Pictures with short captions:
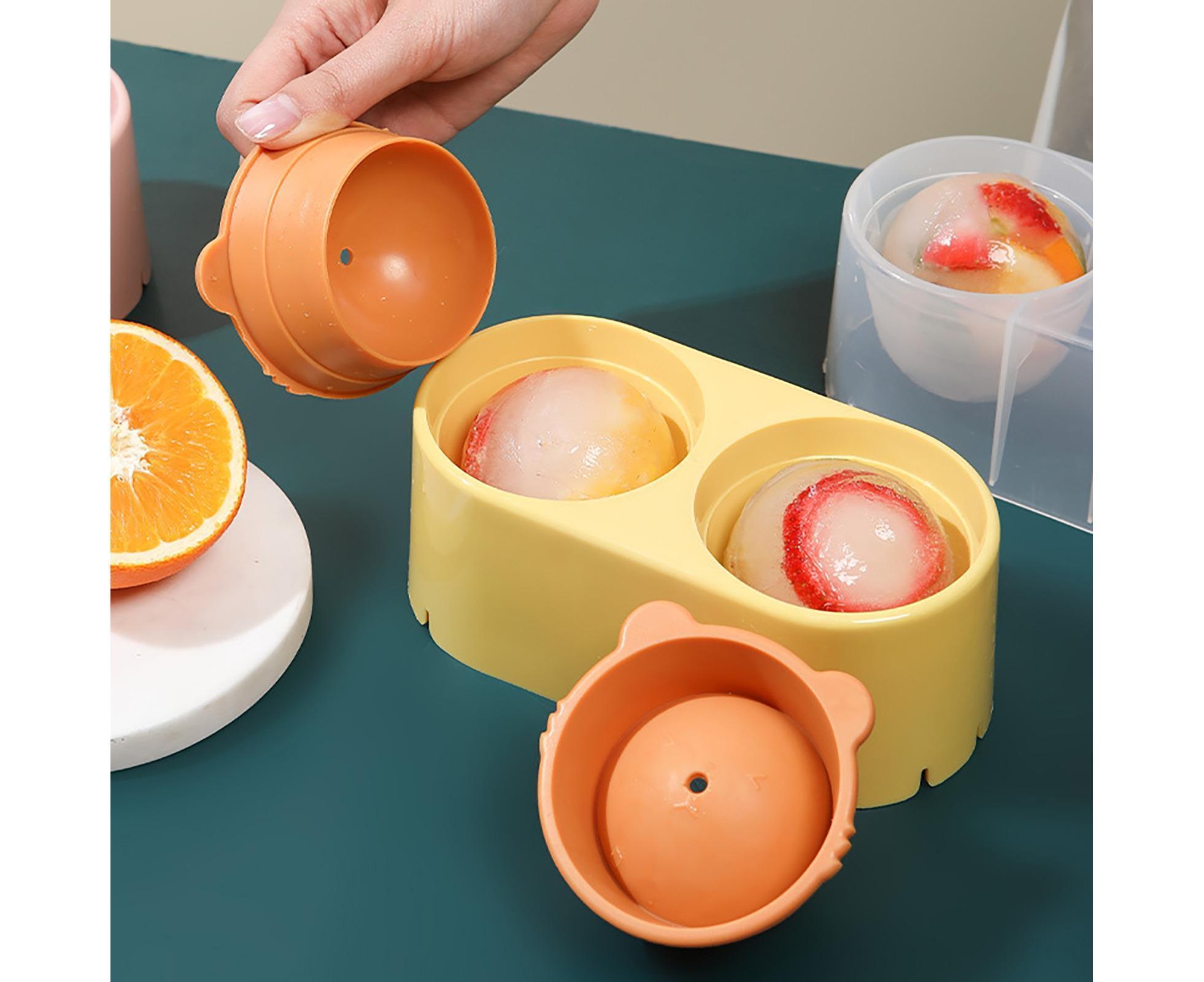 Ice Mould Anti-corrosion Fine Workmanship BPA Free Whiskey Ice Cube Ball DIY Mould for Bar-Yellow - Image 2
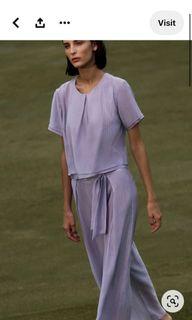 Beyond The Vines (FORM): Lilac Tencel Top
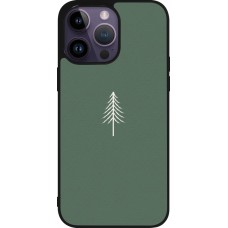 Coque iPhone 15 Pro Max - Silicone rigide noir Christmas 22 minimalist tree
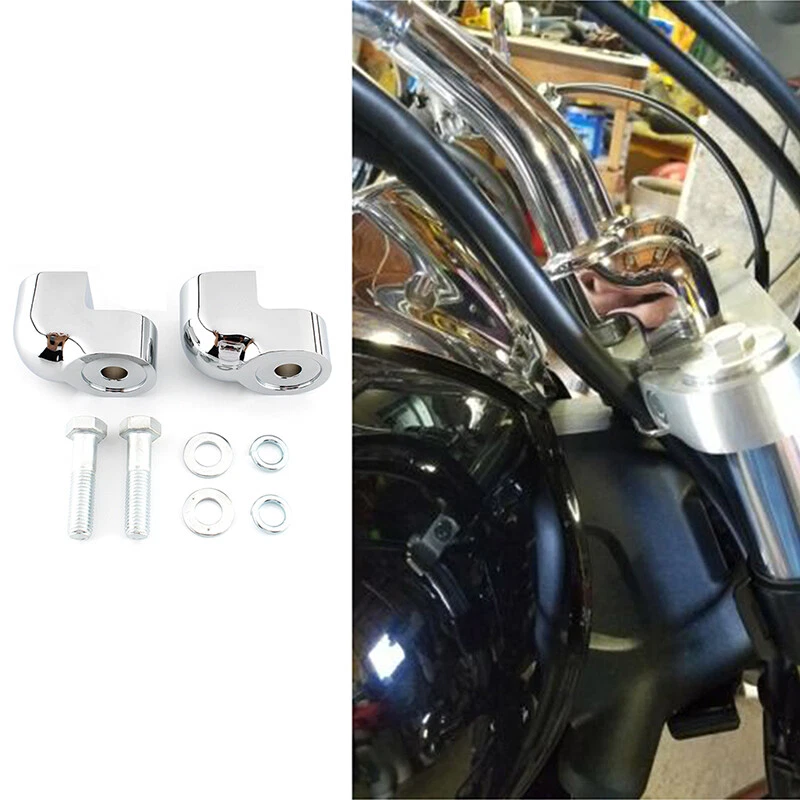 Алюминиевые стояки руля с ЧПУ для Honda VTX1300C 2004 2005 2006 2007 2008 2009 годов выпуска - Изображение 4 из 4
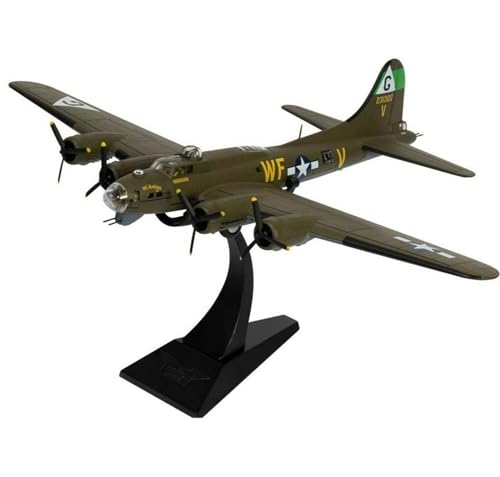 FMOCHANGMDP Flugzeug Legierung Modelle, 1/72 Skala USAAF B-17G Flying Fortress RAF Chelveston 1944 Modelle, Spielzeug und Geschenke für Erwachsene, 12.6 x 17.3Inchs von FMOCHANGMDP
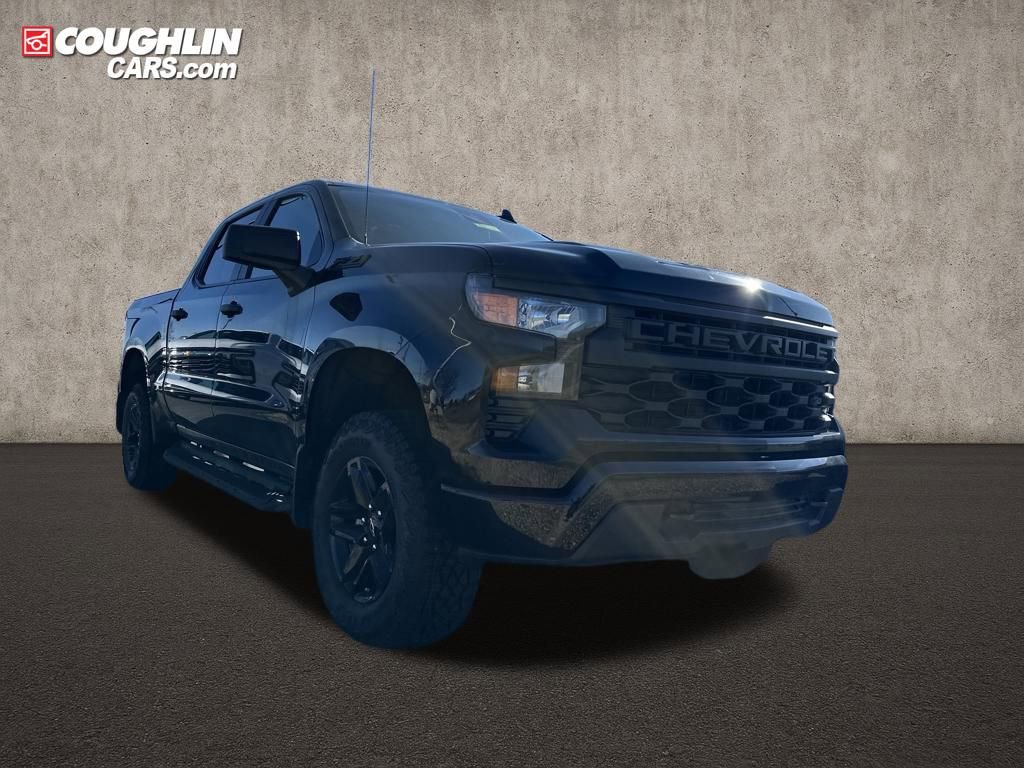 New 2026 Chevrolet Silverado 1500 Custom Trail Boss w/ Dark Appearance Package image 1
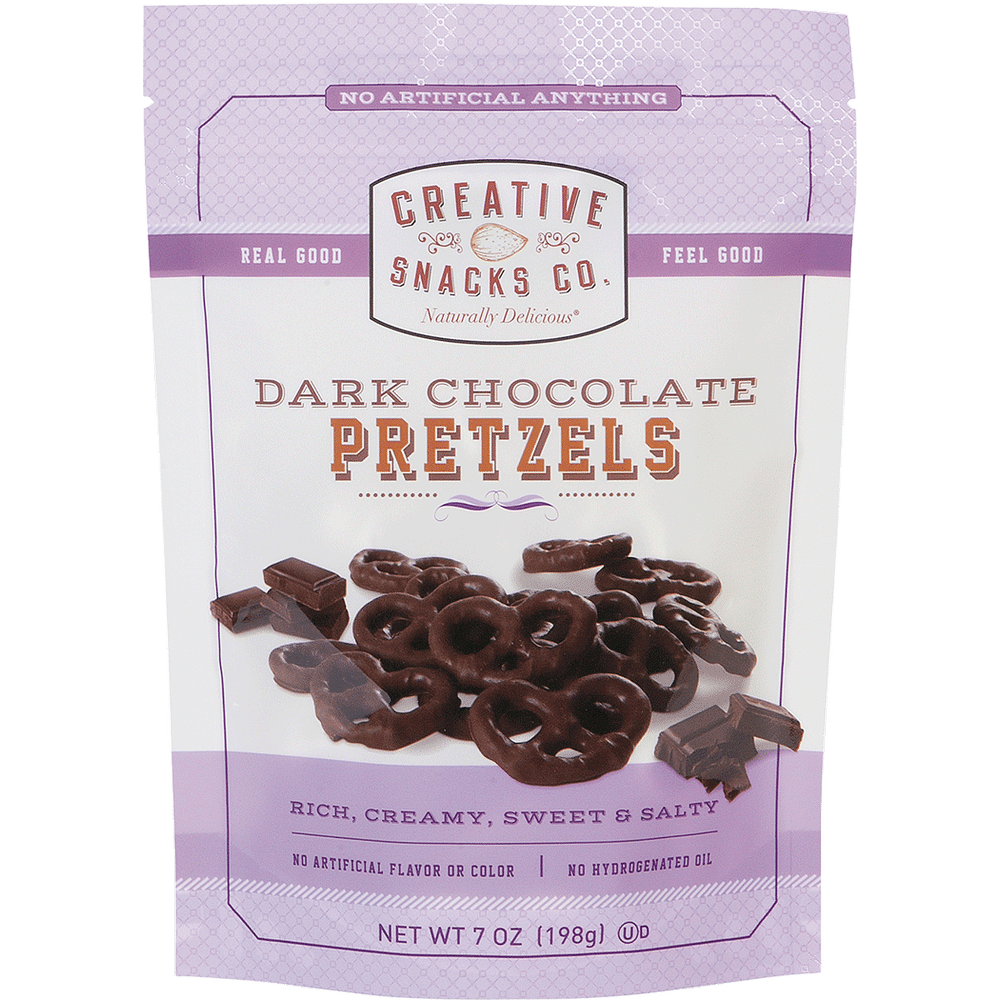 Creative Snacks Dark Chocolate Pretzels 7oz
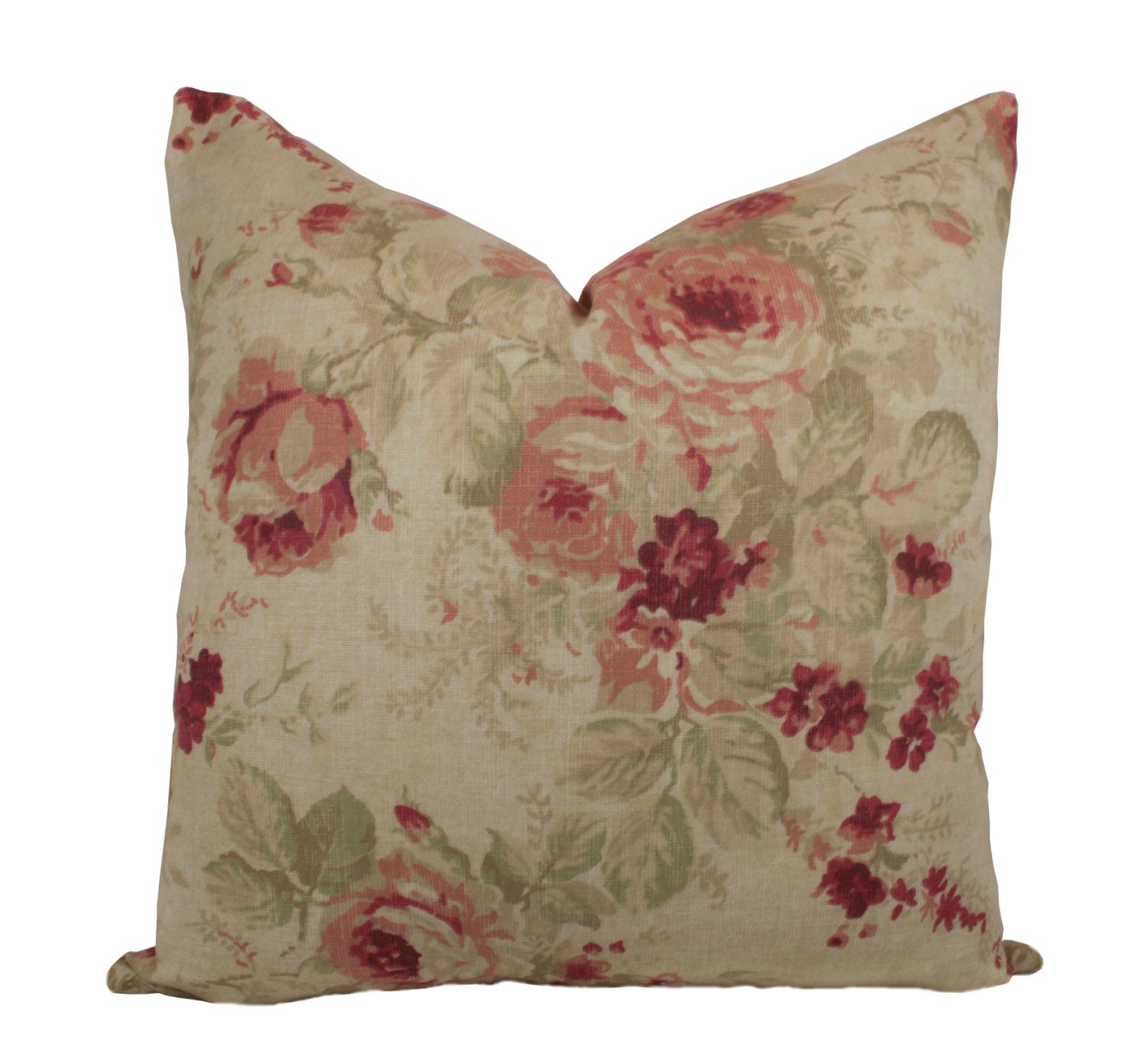 Floral Pillow Cover Rose Pillow Cover Magnolia Home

WHAT YOU WILL DO:
Repeat the records exactly, without the pictures.

OUTPUT BELOW:
 Ice Mould Anti-corrosion Fine Workmanship BPA Free Whiskey Ice Cube Ball DIY Mould for Bar-Yellow - Image 2
 Beyond The Vines (FORM): Lilac Tencel Top
 Coque iPhone 15 Pro Max - Silicone rigide noir Christmas 22 minimalist tree
 Алюминиевые стояки руля с ЧПУ для Honda VTX1300C 2004 2005 2006 2007 2008 2009 годов выпуска - Изображение 4 из 4
 FMOCHANGMDP Flugzeug Legierung Modelle, 1/72 Skala USAAF B-17G Flying Fortress RAF Chelveston 1944 Modelle, Spielzeug und Geschenke für Erwachsene, 12.6 x 17.3Inchs von FMOCHANGMDP
 New 2026 Chevrolet Silverado 1500 Custom Trail Boss w/ Dark Appearance Package image 1
 Creative Snacks Dark Chocolate Pretzels 7oz
 Floral Pillow Cover Rose Pillow Cover Magnolia Home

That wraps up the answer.